Não foi uma descoberta fácil. Levou-me anos
de paciente estudo e observação. Isto se deu depois de muito amor febril
sob o céu anil, deixando de lado o fuzil e o cantil até chegar à
compreensão total da pátria amada idolatrada salve salve. E foi minha
salvação.
Até hoje, digo, até ontem, era daqueles que tinham um
pensamento simplista e, direi, maniqueísta: julgava que eu estava certo
e o país errado. Que pretensão, meu Deus! Nisto era igual, talvez à
média nacional. Cada um, individualmente, se julga certo e impecável,
mas considera o conjunto dasastrado e inviável. Ou, o que é pior ainda:
achando que o país era ruim e eu bom, eu era evidentemente melhor do que
o país.
A situação não só não era nada poética, mas era patética
e nada dialética. E o meu problema era um antiético dilema.
Aí
estava a contradição: se cada um de per si era bom, por que o conjunto
era tão ruim? Esse teorema não cabia em nenhuma matemática, ou como diz
um amigo, "matemágica". Como é que a soma de tantos dados individuais
positivos dava um resultado negativo? Seria esta nação um caso de
perversão gestaltiana? Ora, segundo essa corrente da psicologia, um
conjunto não é apenas a soma de suas partes, mas a soma de suas partes
mais um. Ou seja, no final, aparece um elemento que não estava à vista,
mas que dá sentido ao conjunto.
De qualquer forma a questão
continuava insolúvel, porque não havia explicação para que a soma fosse
negativa.
Chegou o momento, contudo, em que mudei minha postura
diante desse quadro. Por exemplo: estava num jantar. De repente,
começavam as conversas apocalípticas perfeitamente integradas (ver livro
de Umberto Eco: Apocalípticos e integrados). O tom era catastrófico: a
corrupção no governo, a inflação etc. E, de repente, surge um
retardatário que contava que acabara de ser assaltado na esquina.
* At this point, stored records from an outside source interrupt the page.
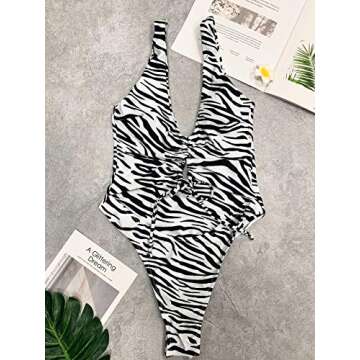 CHYRII Women's Zebra Print Sexy Cutout Backless High Cut Swimsuit Monokini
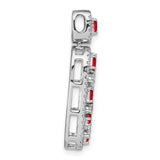 14k White Gold Pendant with Baguette Rubies and Diamonds, Modern Openwork Design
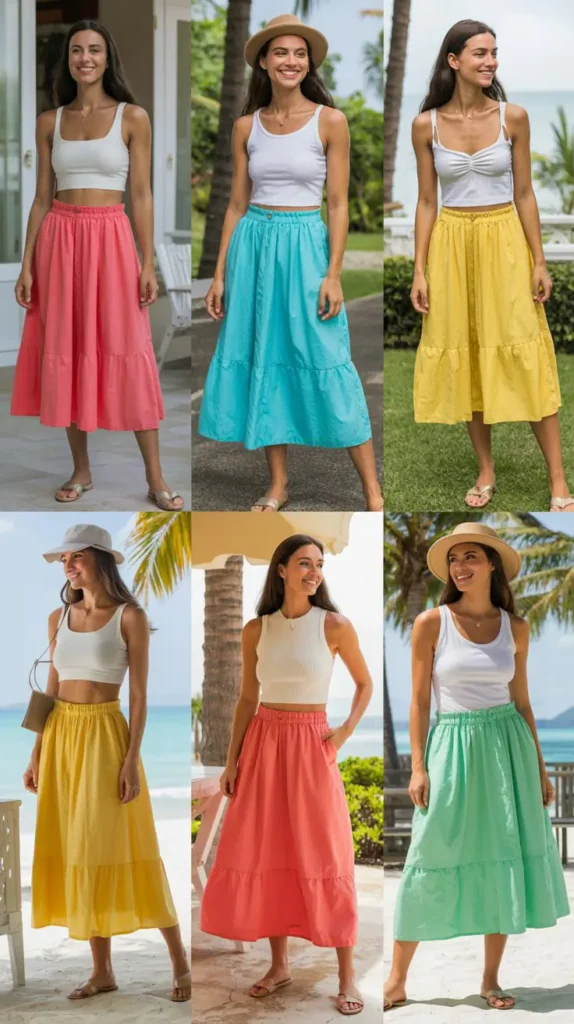 Statement Skirts with Simple Tops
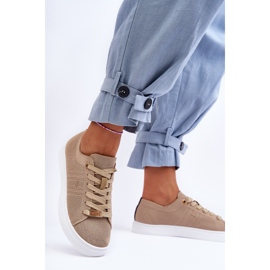 PE1 Women's Lace-up Sneakers Beige Etna 2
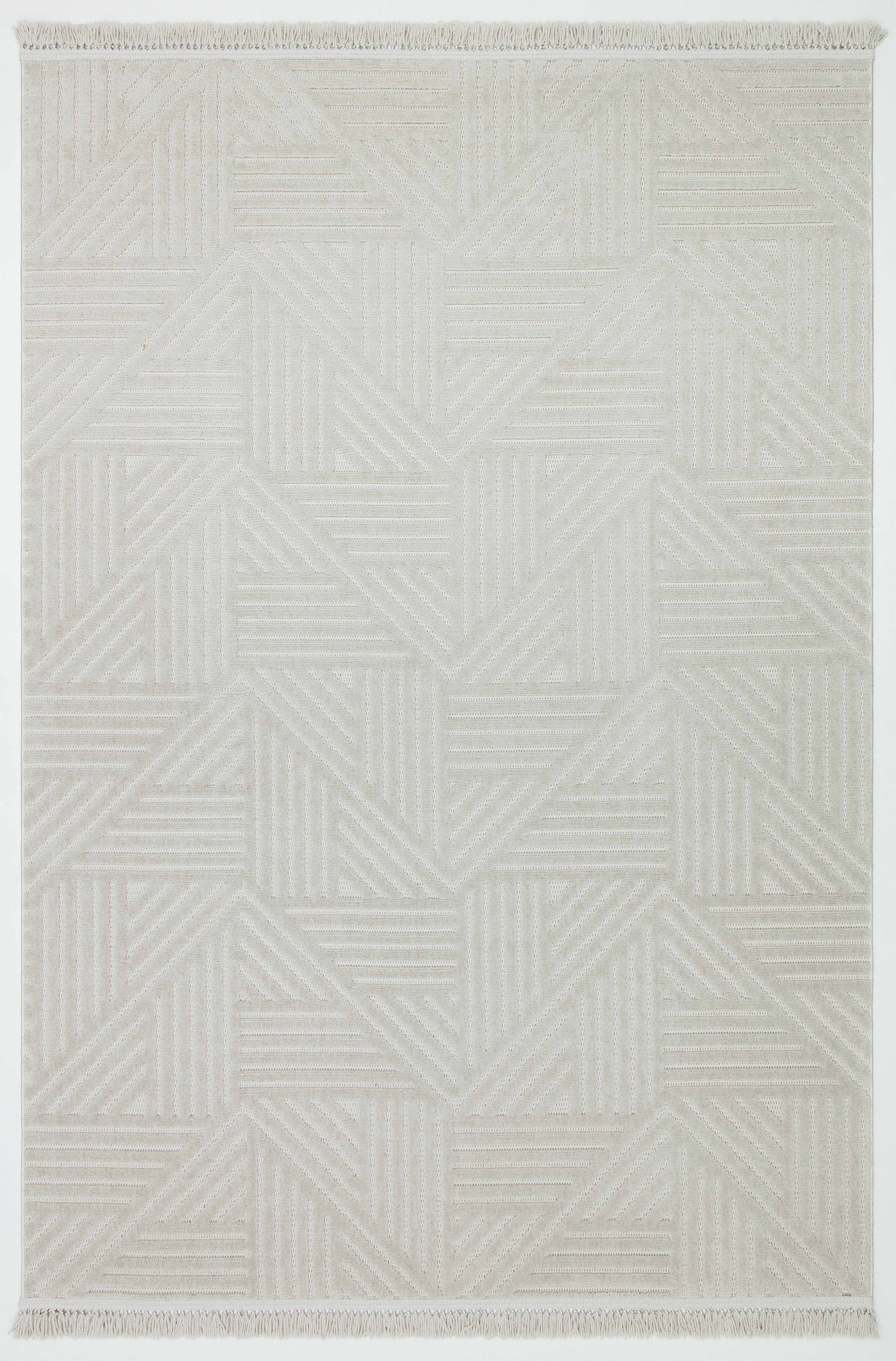 MİLAS C15-GRİ Kabartmalı Kaymaz Taban Modern Geometrik Desenli Salon Koridor Mutfak Halısı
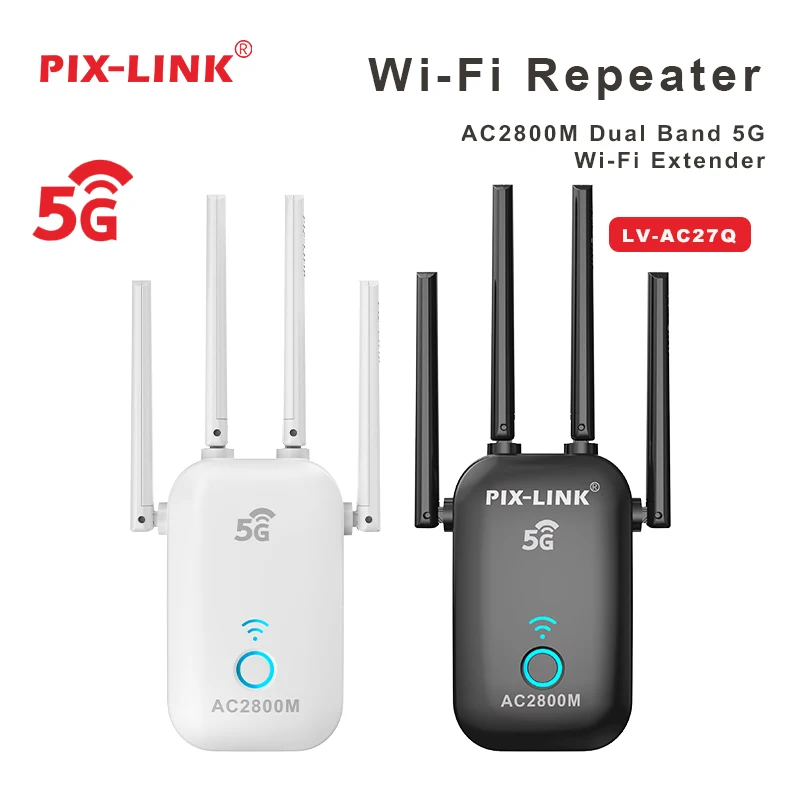 

PIX-LINK Wireless 5G/ 2.4G WiFi Repeater AC2800 Router Wifi Booster Dual Band Long Range Extender Signal Amplifier RepeaterAC27Q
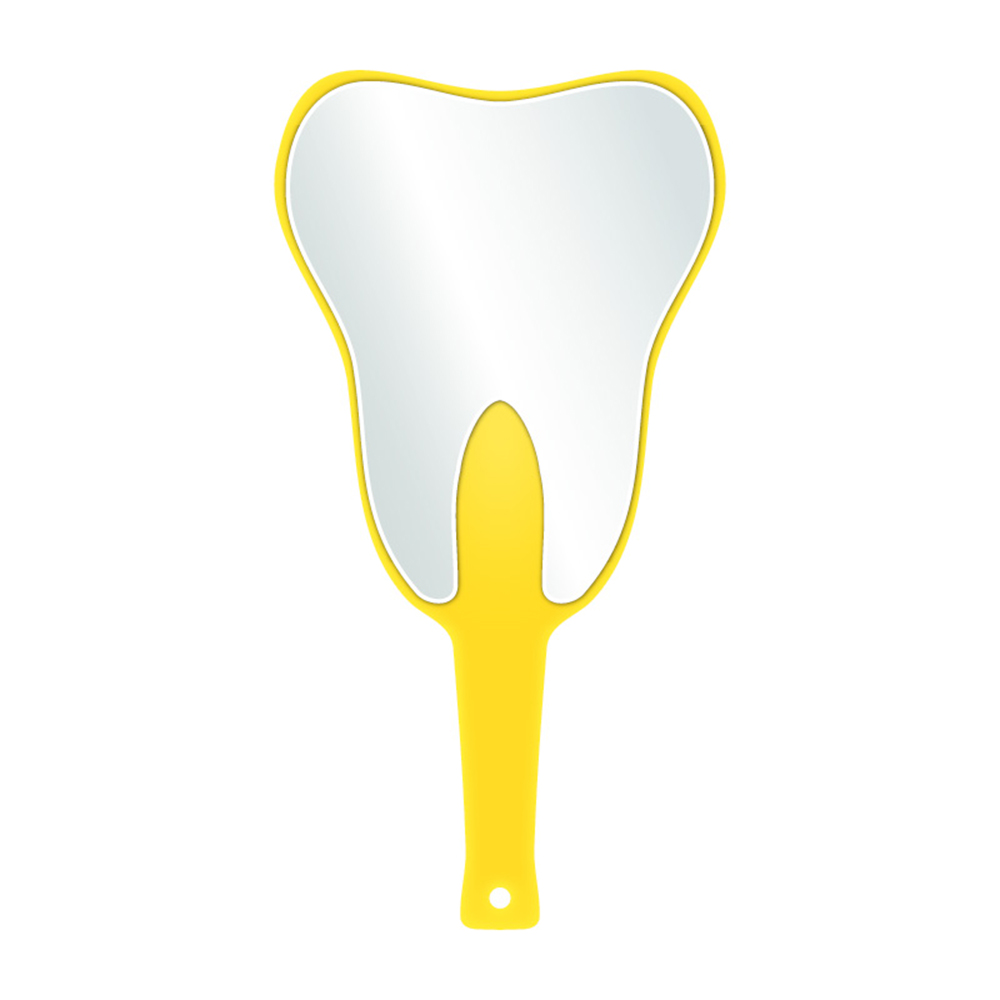 Handspiegel "Zahn" gelb, 27 cm, Stück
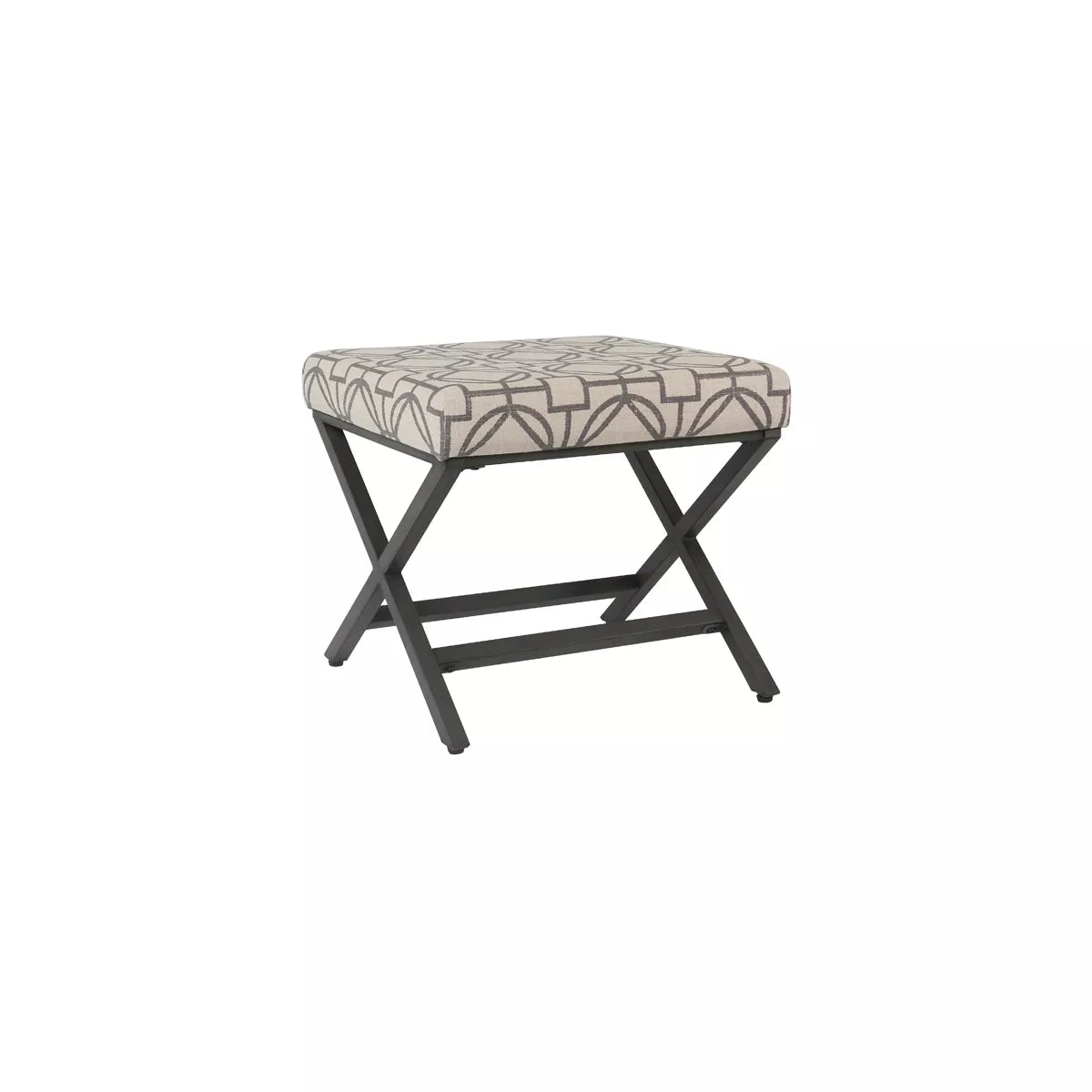 Modern Metal X Base Ottoman - HomePop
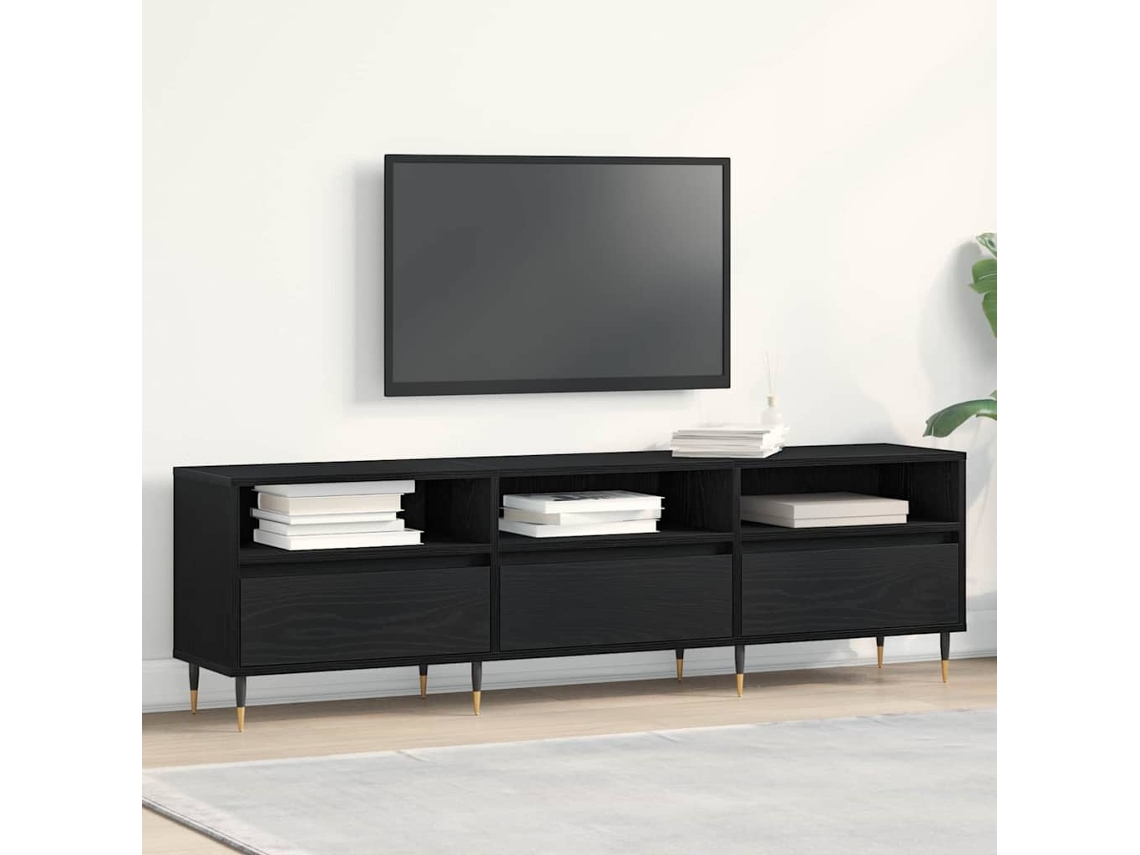 Vidaxl Gabinete para Tv com Gaveta Carvalho Preto 150 X 30 X 44,5 Cm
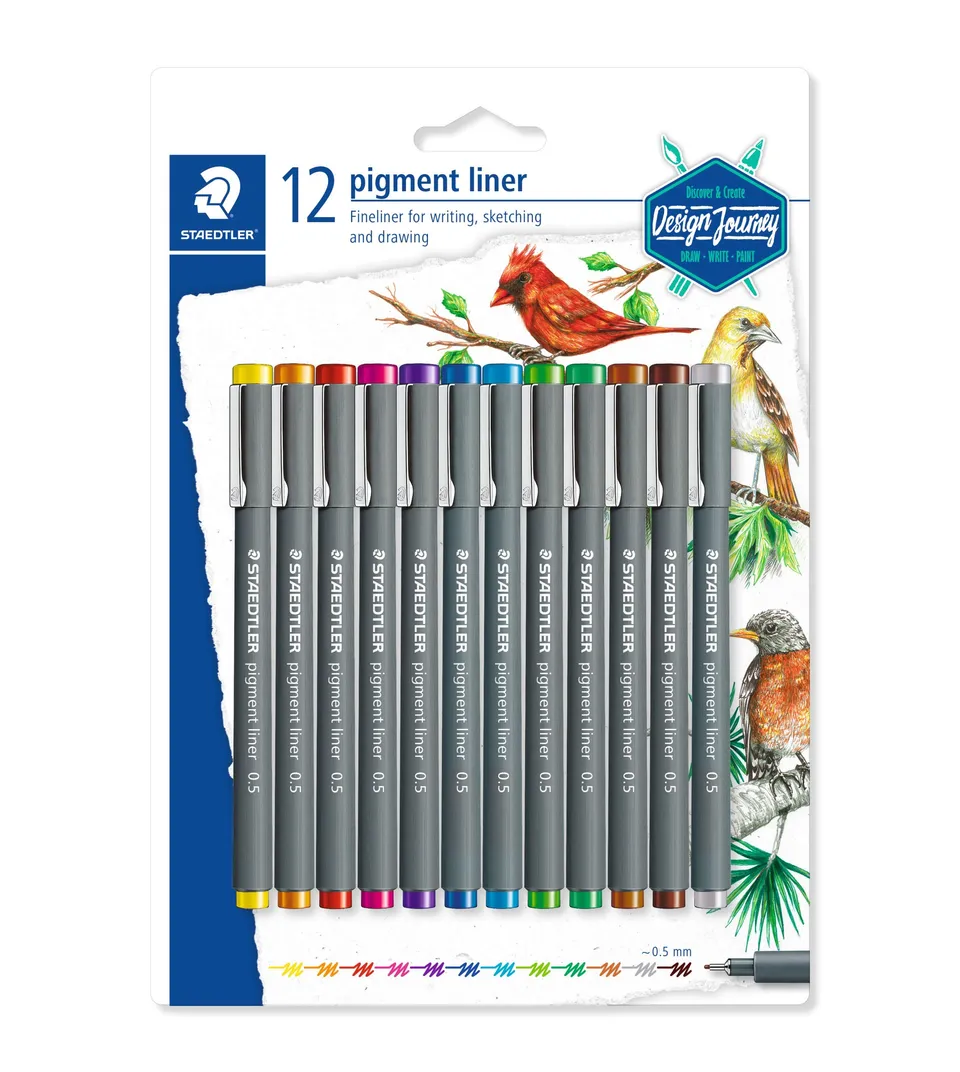 staedtler-pigment-liner-308-fineliner-0-5-mm-set-12-colori image 1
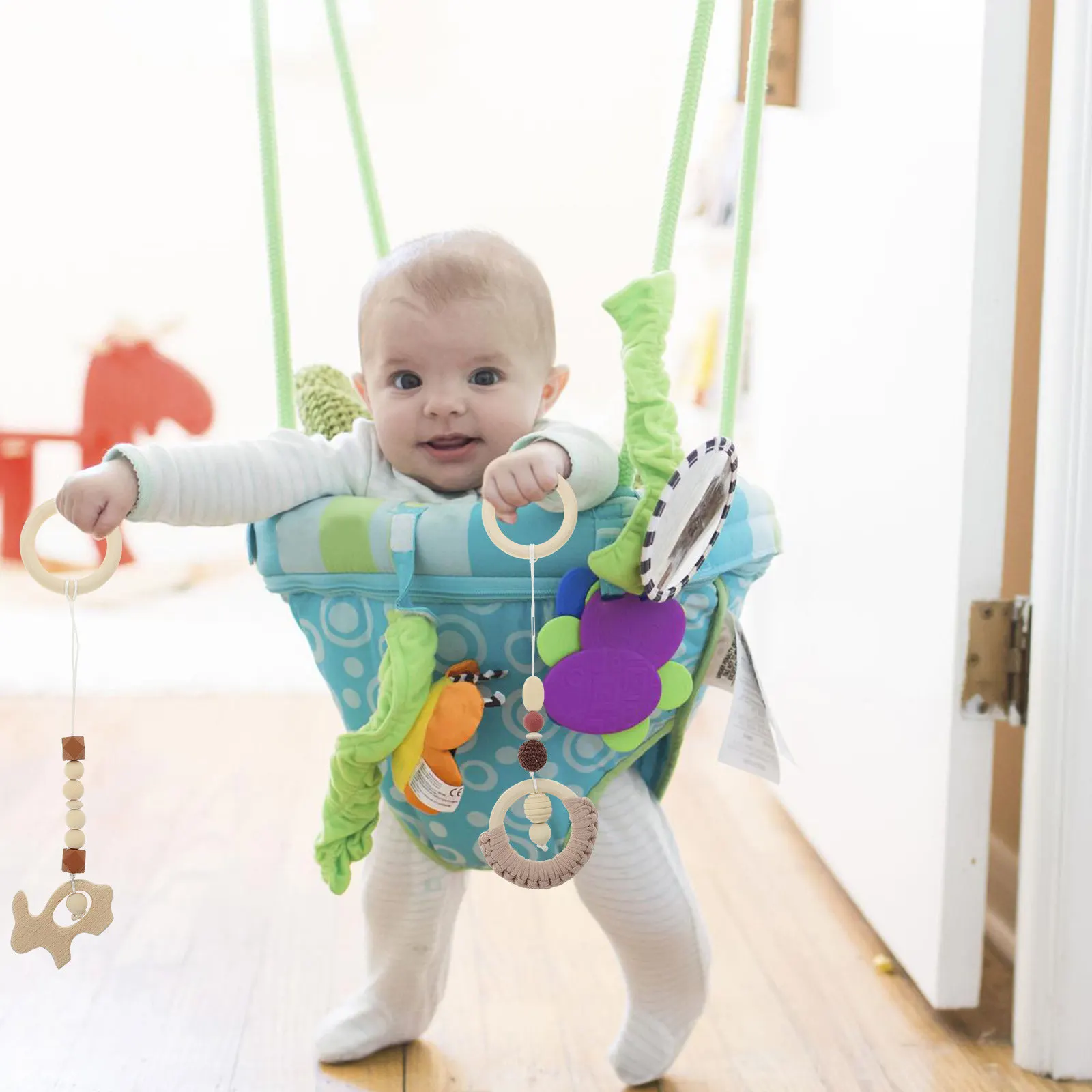 

4Pcs Wooden Hanging Sensory Accessories Nursery Room Decor Stroller Beaded Pendant Visual Stimulation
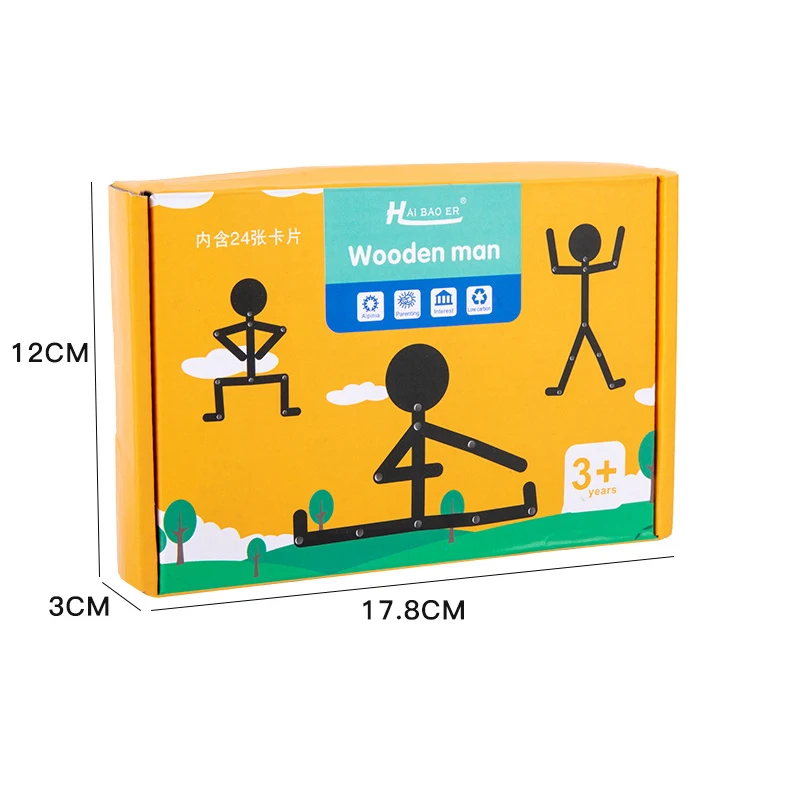 Puzzle en bois pour enfants, jouet éducatif Montessori pour hommes, développement de bébé, exercice d'imagination, capacité pratique, cadeau de jeu de 2 à 6 ans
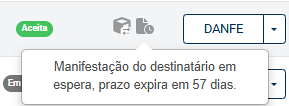 Notificação de que o cliente rejeitou a nf-e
No princípio, caía nessa armadilha e arruinava o meu jantar. Mas com
o tempo desenvolvi uma técnica de legítima defesa. Então, convido
queridos à minha casa ou escolho com eles um belo restaurante para
passar gostosos momentos e vou deixar que se instale o baixo astral? Vou
deixar que derramem sangue no meu prato, fel na minha boca e azedem o
vinho da noite? Afastem de mim esse cálice.
Um dia, como
aconteceu a São Paulo no caminho de Damasco, desabou sobre mim uma
iluminação: "Cai na real, cara! Se o país é o que é há quinhentos anos,
como acusá-lo de não ser o que não é?"
Vejam vocês, bem que os
chineses diziam: o homem sábio é aquele que descobre o óbvio. E a voz
continuou: "É isso aí cara! O erro é seu, tá legal? O País é de uma
fidelidade canina a si mesmo, você é que está por fora."
E estava
eu ainda atordoado, quando a voz se afastou dizendo uma frase ao estilo
zen tropical: "Não se pode estar num mangueiral querendo comer goiaba.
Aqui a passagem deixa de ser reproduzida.